> What you will do
Although the data below holds other lines too, output only those from the line with "429 - A CASED" up to and including the line with "Model wearing fuchsia", exactly as they appear.

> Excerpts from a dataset
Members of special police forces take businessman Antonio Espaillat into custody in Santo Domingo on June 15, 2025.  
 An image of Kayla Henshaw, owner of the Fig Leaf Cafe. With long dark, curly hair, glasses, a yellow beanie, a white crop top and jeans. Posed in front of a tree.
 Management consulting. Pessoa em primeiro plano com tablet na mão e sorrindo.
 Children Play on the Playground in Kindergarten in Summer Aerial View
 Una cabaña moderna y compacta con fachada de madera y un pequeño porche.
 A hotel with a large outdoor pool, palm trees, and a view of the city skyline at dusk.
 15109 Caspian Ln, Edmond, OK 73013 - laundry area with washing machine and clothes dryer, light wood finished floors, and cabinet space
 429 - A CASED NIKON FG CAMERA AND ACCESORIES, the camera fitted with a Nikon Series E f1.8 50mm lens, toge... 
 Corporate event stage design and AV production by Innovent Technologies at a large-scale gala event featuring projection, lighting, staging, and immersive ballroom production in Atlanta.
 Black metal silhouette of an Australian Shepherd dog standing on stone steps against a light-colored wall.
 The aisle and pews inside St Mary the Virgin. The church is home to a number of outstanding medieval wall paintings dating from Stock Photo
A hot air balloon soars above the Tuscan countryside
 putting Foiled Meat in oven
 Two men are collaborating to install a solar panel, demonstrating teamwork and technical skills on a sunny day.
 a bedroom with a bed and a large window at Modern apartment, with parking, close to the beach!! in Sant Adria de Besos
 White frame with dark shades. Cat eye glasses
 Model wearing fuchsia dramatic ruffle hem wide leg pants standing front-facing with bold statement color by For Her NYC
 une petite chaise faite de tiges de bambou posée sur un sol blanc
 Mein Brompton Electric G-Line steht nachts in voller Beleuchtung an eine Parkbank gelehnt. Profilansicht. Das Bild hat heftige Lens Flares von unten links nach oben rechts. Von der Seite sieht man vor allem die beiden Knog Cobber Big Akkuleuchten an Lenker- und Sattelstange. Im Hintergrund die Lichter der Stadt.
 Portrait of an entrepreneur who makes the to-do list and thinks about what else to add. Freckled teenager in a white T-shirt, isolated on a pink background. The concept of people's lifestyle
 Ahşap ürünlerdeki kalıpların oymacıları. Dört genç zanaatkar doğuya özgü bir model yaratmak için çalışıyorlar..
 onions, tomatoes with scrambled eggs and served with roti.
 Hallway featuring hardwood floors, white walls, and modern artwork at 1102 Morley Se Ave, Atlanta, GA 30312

> Exercise result
 429 - A CASED NIKON FG CAMERA AND ACCESORIES, the camera fitted with a Nikon Series E f1.8 50mm lens, toge... 
 Corporate event stage design and AV production by Innovent Technologies at a large-scale gala event featuring projection, lighting, staging, and immersive ballroom production in Atlanta.
 Black metal silhouette of an Australian Shepherd dog standing on stone steps against a light-colored wall.
 The aisle and pews inside St Mary the Virgin. The church is home to a number of outstanding medieval wall paintings dating from Stock Photo
A hot air balloon soars above the Tuscan countryside
 putting Foiled Meat in oven
 Two men are collaborating to install a solar panel, demonstrating teamwork and technical skills on a sunny day.
 a bedroom with a bed and a large window at Modern apartment, with parking, close to the beach!! in Sant Adria de Besos
 White frame with dark shades. Cat eye glasses
 Model wearing fuchsia dramatic ruffle hem wide leg pants standing front-facing with bold statement color by For Her NYC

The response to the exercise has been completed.